Copy exactly, please, the lines of the data from its start through the line containing "Luxury Hoboken Getaway".

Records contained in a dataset

* * * * * * *

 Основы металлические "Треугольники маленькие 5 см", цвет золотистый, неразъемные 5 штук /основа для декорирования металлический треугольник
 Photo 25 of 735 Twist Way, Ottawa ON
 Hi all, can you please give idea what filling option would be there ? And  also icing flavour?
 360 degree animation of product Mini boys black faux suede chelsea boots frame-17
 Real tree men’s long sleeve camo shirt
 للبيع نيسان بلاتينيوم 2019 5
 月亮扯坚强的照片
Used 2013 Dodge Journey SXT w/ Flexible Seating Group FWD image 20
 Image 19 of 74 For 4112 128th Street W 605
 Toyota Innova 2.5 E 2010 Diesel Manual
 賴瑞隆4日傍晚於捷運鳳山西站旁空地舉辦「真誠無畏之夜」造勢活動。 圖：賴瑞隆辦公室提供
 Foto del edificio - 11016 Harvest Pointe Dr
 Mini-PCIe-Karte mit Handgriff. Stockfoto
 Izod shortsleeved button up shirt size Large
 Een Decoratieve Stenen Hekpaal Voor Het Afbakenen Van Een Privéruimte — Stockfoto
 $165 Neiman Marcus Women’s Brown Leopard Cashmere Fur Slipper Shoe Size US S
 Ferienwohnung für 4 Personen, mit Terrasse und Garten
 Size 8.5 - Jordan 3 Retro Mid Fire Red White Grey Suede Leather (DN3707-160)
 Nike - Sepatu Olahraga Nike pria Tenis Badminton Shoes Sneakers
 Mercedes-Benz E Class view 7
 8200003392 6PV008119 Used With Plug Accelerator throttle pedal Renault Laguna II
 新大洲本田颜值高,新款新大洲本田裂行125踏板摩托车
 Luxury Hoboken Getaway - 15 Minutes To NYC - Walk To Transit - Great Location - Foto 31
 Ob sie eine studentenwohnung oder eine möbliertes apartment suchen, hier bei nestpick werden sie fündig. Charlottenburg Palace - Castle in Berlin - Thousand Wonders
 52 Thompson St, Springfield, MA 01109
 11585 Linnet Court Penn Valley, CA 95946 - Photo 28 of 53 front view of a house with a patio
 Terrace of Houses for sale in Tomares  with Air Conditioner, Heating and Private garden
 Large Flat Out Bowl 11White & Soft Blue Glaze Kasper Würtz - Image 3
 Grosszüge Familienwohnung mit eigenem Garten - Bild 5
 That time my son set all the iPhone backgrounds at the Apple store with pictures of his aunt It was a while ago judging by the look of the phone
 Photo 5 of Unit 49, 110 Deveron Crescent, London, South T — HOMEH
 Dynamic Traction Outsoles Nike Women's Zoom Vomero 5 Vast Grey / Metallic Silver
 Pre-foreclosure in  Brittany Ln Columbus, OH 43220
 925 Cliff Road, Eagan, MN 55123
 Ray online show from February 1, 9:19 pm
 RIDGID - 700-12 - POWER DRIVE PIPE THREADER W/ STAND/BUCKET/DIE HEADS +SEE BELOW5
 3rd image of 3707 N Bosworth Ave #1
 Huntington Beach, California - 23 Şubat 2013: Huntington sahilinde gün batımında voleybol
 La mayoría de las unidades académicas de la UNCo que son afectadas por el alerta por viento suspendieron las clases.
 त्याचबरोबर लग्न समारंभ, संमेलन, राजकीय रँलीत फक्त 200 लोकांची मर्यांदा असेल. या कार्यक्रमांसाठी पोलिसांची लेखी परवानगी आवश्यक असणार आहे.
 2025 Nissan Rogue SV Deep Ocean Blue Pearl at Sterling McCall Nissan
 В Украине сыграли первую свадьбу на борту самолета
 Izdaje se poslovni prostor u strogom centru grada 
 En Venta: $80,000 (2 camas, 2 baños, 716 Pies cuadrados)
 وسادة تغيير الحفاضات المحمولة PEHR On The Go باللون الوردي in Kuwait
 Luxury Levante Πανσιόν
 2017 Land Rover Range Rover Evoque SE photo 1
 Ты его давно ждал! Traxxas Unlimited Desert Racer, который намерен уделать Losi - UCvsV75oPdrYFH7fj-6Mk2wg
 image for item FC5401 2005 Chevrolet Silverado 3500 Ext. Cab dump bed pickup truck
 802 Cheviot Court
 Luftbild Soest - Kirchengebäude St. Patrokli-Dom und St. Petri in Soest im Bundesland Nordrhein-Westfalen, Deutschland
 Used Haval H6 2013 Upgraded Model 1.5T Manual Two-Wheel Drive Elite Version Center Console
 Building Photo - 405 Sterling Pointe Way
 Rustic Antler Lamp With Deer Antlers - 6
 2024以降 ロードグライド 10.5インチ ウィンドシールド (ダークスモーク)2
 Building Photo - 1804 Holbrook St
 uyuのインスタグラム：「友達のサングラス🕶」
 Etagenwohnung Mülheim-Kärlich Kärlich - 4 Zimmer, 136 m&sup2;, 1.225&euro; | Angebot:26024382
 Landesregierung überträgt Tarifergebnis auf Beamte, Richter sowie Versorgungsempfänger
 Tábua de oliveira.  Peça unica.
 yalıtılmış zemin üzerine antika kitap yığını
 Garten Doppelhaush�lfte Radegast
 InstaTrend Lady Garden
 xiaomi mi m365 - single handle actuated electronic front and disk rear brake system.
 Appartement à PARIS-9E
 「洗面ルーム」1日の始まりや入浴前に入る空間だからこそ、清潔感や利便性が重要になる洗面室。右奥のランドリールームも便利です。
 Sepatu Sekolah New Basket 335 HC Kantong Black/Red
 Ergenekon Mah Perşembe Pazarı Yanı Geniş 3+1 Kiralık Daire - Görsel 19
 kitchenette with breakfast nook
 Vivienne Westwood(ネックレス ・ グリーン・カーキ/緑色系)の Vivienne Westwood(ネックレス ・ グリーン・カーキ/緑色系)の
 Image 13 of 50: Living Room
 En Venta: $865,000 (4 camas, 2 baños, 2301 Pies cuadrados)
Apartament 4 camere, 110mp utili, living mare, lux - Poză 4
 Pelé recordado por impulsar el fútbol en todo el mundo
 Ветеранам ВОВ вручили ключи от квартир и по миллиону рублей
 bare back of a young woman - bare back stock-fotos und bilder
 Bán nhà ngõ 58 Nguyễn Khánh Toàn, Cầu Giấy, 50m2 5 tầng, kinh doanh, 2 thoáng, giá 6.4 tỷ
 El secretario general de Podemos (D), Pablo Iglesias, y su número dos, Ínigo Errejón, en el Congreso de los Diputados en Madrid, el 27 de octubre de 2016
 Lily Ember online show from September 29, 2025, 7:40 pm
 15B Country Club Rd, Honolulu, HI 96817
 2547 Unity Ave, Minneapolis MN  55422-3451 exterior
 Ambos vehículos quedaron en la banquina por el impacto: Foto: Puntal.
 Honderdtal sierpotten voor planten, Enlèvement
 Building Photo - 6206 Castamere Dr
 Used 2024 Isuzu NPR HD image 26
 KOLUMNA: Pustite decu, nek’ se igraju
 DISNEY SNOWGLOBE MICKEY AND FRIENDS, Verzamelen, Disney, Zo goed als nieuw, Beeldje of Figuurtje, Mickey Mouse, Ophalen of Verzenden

* * * * * * *

(Solution)
 Основы металлические "Треугольники маленькие 5 см", цвет золотистый, неразъемные 5 штук /основа для декорирования металлический треугольник
 Photo 25 of 735 Twist Way, Ottawa ON
 Hi all, can you please give idea what filling option would be there ? And  also icing flavour?
 360 degree animation of product Mini boys black faux suede chelsea boots frame-17
 Real tree men’s long sleeve camo shirt
 للبيع نيسان بلاتينيوم 2019 5
 月亮扯坚强的照片
Used 2013 Dodge Journey SXT w/ Flexible Seating Group FWD image 20
 Image 19 of 74 For 4112 128th Street W 605
 Toyota Innova 2.5 E 2010 Diesel Manual
 賴瑞隆4日傍晚於捷運鳳山西站旁空地舉辦「真誠無畏之夜」造勢活動。 圖：賴瑞隆辦公室提供
 Foto del edificio - 11016 Harvest Pointe Dr
 Mini-PCIe-Karte mit Handgriff. Stockfoto
 Izod shortsleeved button up shirt size Large
 Een Decoratieve Stenen Hekpaal Voor Het Afbakenen Van Een Privéruimte — Stockfoto
 $165 Neiman Marcus Women’s Brown Leopard Cashmere Fur Slipper Shoe Size US S
 Ferienwohnung für 4 Personen, mit Terrasse und Garten
 Size 8.5 - Jordan 3 Retro Mid Fire Red White Grey Suede Leather (DN3707-160)
 Nike - Sepatu Olahraga Nike pria Tenis Badminton Shoes Sneakers
 Mercedes-Benz E Class view 7
 8200003392 6PV008119 Used With Plug Accelerator throttle pedal Renault Laguna II
 新大洲本田颜值高,新款新大洲本田裂行125踏板摩托车
 Luxury Hoboken Getaway - 15 Minutes To NYC - Walk To Transit - Great Location - Foto 31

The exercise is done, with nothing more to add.